On a return trip to Pesca Maya Lodge in June 2009, I set out to count how many “shots” I had per day, but lost count due to the fact that I had not predetermined what counted as a shot (and what didn’t) and the number became unrealistically large. What you don’t want is a shot at a permit going away, a permit too close to the boat (less than 40 feet) and probably already spooked, too far out of effective casting range, and permit moving fast and not feeding. Most importantly, you don’t want second, third, and fourth shots at a permit, or school of permit, that did not eat the first time and are probably aware of your presence. (You can get into the game of intercepting the same school of permit repeatedly, a practice that keeps you casting but rarely pays dividends in fish brought to the boat.)

Discarding all those instances—which happen many times during the course of a day, but don’t really “count” as the best scenarios to catch permit—we had at least 12 to 15 opportunities daily to cast at permit or schools of permit feeding slowly toward us, where we spotted the fish at over 100 feet and were able to deliver the fly at ranges of 60 to 80 feet.

Permit abhor boats.

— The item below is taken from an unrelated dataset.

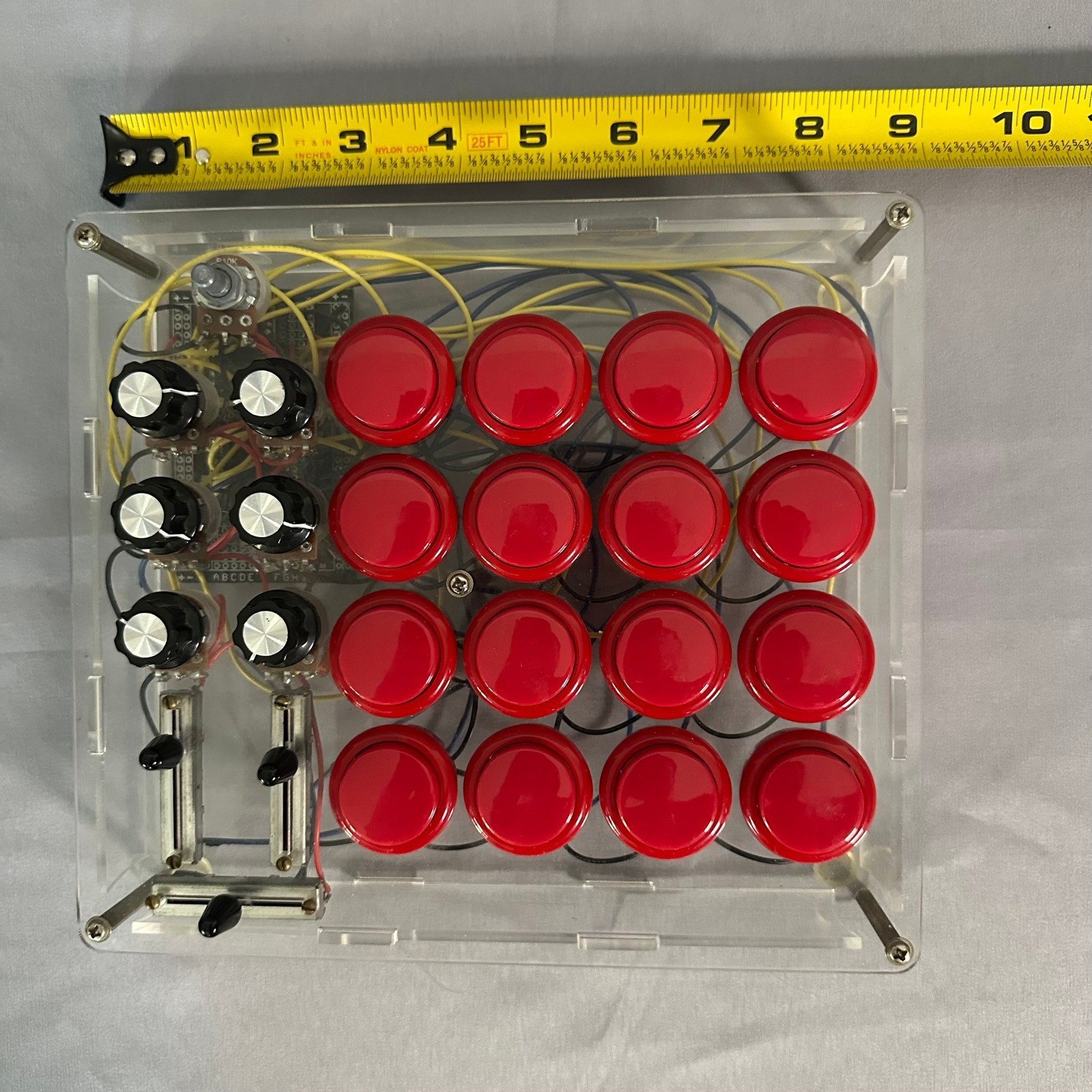Music Controller MIDI Red/Clear DIY Arcade Button Mixer Untested As Is Prop Art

I don’t know if it’s the slap of the ocean against the hull, or the high silhouette of a fly fisher casting from the bow (or both), but they frequently spook, or at least are reluctant to eat, inside of 60 or 70 feet from the boat. Our very best opportunities came when our guide spotted two or three large permit, or larger schools of permit feeding at a distance, and we quietly slipped into the water and waded to intercept the feeding fish.

One of the peculiarities of Ascension Bay fishing is that the guide normally has an apprentice working with him. It’s the only place I’ve fished where two anglers in a boat have a 1:1 guide to client ratio. When the client is casting from the boat, the assistant guide mostly watches and learns.

However, when you slip into the water with the guide, the assistant takes the platform and the two become an effective fire team, with one holding the high ground to observe the feeding permit from 20 to 50 yards away, and the other coaching from your left shoulder. Often, the guide crouching in the water with you cannot see the fish when they are far off, and he takes directions from the platform until the permit move close enough to spot from knee-deep or waist-deep water.

Using this tactic, I’ve had feeding permit move past my fly and continue feeding to within two rod lengths. If you freeze, they move around you as if you were driftwood.

Because they can’t see or hear you as easily as when you are in a boat, you can cast shorter distances—40 to 60 feet instead of 60 to 80—and as a result you’ll have better accuracy, and be better able to deal with the ever-present wind. The fish also seem less nervous, and more inclined to eat.